The day. It was the Tuesday after Memorial Day. The weekend we spent working in the yard. Mulch had been delivered and we were slowly working on distributing the gigantic pile. We'd had a wonderful visit from your Dad who had played with Charlee in the little blow up pool... But Tuesday was back to the grind. Work, daycare, school... After homework, I was loading up the kids for lacrosse and swim practice. Charlee was all buckled in her car seat and you pulled in from work. I remember so many little details, but forget others. I remember what you wore. You asked if you could help. No, you were sore from all the work that weekend... Enjoy a ride I said. You hugged and kissed me thank you in the archway of the kitchen and went our separate ways. My last kiss. My last hug.

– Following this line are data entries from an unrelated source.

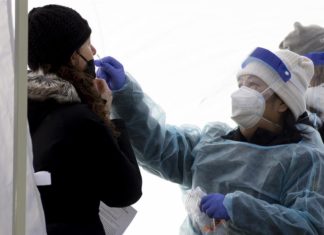 Los test de covid dejan de ser gratis para la gente sin seguro médico en EE.UU.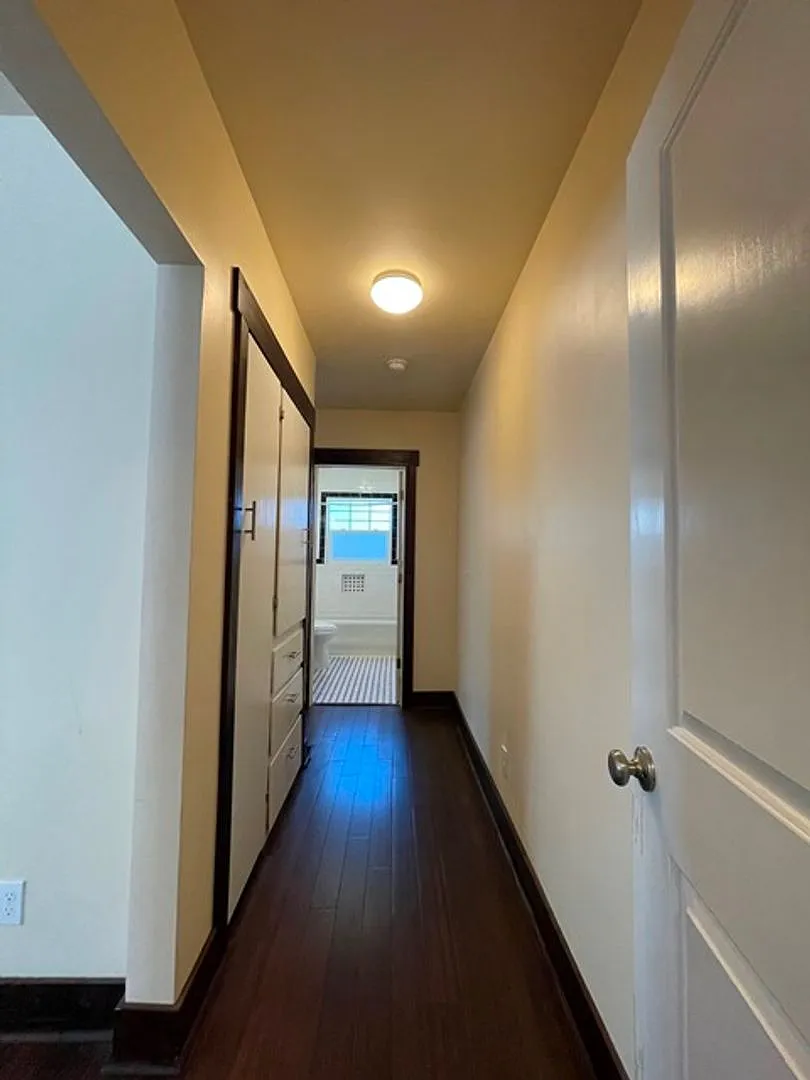 Great 2 bedroom duplex — Photo 4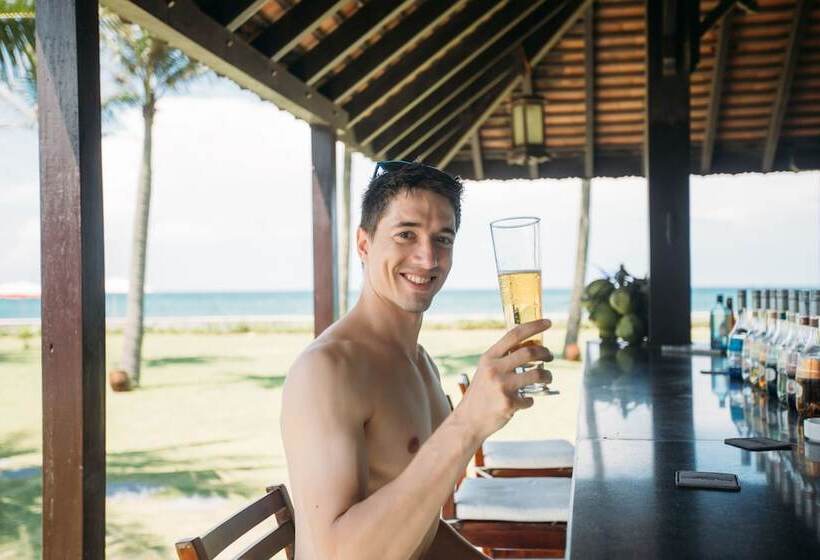 هتل Lapochine Beach Resort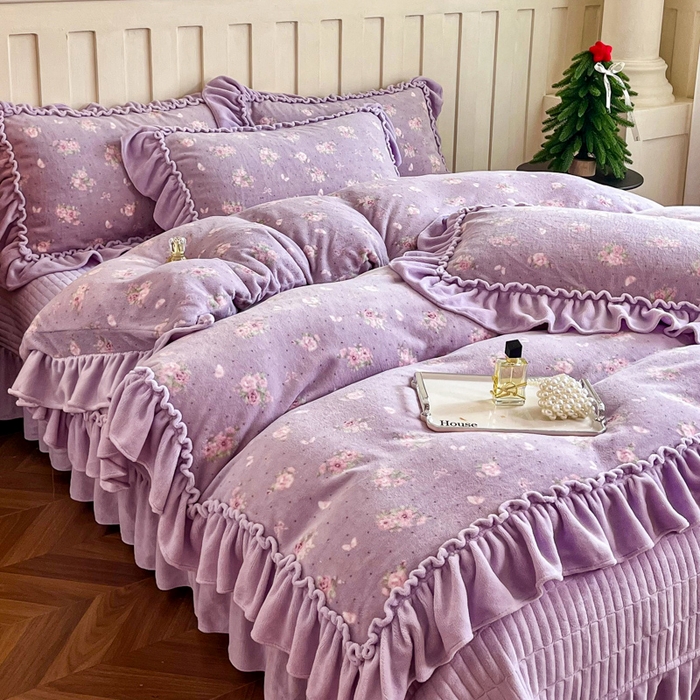 91家纺网 家纺一手货源 找家纺 梦可莱家居 2025冬季新款复古风印花牛奶绒大花边床盖四件套 复古风紫庄园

The night. Kids in bed, Charlee fed and you text you'll be home soon. I respond be careful and as I put Charlee down I read from you "I love my life".... My last text. I will always hold on to those last words. The rest of the night was a blur. I fell asleep trying to put Charlee down. The knock on the door, the realization that you weren't home, the numbness when I heard the news all burn brightly in my memory. My friends remind me of things I did... Said... It's these things I don't remember exactly. That was the numbness.
The morning after. I remember bits and pieces. I remember thinking I can't possibly cry anymore. I need to wipe my tears, I need to make phone calls, I need to tell the kids. I remember the reaction of each... Breaking my heart even more. My oldest... "No." Silence..."you mean I'm never going to see him again?" My 8 year old simply cried.
I remember having a plan to notify people. It helped. A calling tree in a sense. It felt good to have a plan. And then I didn't know what to do next. I mean what do you do when your world comes crashing down like it never has before? At this point, a manual, a guide, a checklist would've been nice.
I remember standing still in a world rushing and spinning all around me and all I could do was sink slowly and wonder ..... What now?
Good night my friends... For now. <\3.